Schon die Beispielapplikation QSimpleViewer aus dem ersten Teil des Tutorials erzeugt in der Diashow per QTimer eine gewisse Nebenläufigkeit, indem sie neben dem Warten auf Maus- und Tastatureingaben regelmäßig zum nächsten Bild blättert. Da es sich aber um keine echte Parallelisierung handelt, arbeitet sie sämtliche Events sequenziell ab. Bei einer einfachen Operation wie dem Weiterblättern von Bildern fällt das nicht weiter auf. Enthält der Event-Handler dagegen aufwendige Berechnungen oder I/O-Operationen, reagiert das Programm mit spürbaren Verzögerungen auf Eingaben des Benutzers. Das erste Beispiel QParallelDemo1 demonstriert diesen Effekt: Per Button wird hier mit einem möglichst ineffizienten Algorithmus die Berechnung einer Primzahl gestartet. Während der Ausführung der Funktion Gui::calc() reagiert das Programm auf keinerlei Events. Weder lässt sich das Datei-Menü aufrufen noch funktioniert das automatische Neuzeichnen des Fensters nach einer Überdeckung durch ein anderes Fenster.

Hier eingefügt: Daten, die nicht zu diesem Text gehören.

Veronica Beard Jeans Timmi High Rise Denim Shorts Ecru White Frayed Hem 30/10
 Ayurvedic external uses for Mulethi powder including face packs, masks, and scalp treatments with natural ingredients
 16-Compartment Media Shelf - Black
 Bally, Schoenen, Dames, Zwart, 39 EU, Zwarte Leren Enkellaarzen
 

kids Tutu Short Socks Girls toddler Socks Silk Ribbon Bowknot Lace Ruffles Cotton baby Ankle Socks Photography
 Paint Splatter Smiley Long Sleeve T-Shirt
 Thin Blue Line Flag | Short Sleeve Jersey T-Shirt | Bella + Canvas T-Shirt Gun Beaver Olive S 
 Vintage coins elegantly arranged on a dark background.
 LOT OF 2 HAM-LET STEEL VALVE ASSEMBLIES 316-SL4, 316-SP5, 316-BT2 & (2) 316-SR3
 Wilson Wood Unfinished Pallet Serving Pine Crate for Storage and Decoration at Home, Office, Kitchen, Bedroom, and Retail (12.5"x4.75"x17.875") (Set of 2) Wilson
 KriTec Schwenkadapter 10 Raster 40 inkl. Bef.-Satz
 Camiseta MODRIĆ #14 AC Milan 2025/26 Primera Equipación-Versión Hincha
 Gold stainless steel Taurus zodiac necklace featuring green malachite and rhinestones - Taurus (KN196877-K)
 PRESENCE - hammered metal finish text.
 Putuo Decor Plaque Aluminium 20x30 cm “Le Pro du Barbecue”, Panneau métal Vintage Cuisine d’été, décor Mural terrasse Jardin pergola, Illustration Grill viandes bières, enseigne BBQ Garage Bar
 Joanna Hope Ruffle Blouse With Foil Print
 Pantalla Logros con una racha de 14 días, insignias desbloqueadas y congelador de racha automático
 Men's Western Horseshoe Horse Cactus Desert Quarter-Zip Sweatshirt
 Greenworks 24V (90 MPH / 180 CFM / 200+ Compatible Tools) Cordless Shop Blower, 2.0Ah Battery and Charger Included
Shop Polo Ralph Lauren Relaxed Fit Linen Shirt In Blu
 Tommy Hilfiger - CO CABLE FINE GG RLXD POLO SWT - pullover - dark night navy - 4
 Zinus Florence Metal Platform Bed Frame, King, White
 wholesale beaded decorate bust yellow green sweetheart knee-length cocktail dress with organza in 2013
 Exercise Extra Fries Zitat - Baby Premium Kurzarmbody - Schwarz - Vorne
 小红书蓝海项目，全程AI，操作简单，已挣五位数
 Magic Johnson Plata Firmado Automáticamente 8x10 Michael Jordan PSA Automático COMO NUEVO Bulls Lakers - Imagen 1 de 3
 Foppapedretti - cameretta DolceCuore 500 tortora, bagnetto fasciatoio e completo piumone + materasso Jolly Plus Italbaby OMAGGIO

Das Beispiel QParallelDemo2 zeigt, wie sich per Parallelisierung eine Verbesserung des Antwortverhaltens der Applikation erzielen lässt: Die Berechnung erfolgt dazu in einem separaten Thread, der parallel zur Event-Loop läuft. Zum Erzeugen eines neuen Threads dient bei Qt die Klasse QThread. Um eigenen Code auszuführen, leitet man eine Klasse von QThread ab und überlagert dann die virtuelle Funktion run(). Die Klasse QThread implementiert eine Reihe nützlicher Funktionen, Slots und Signale. Zum Starten des Threads dient die Slot-Funktion QThread::start(). Per QThread::isRunning() lässt sich abfragen, ob der Thread noch läuft. Bei Beendigung des Threads emittiert QThread das Signal QThread::finished(). Wie das genau funktioniert, ist im Beispiel zu sehen.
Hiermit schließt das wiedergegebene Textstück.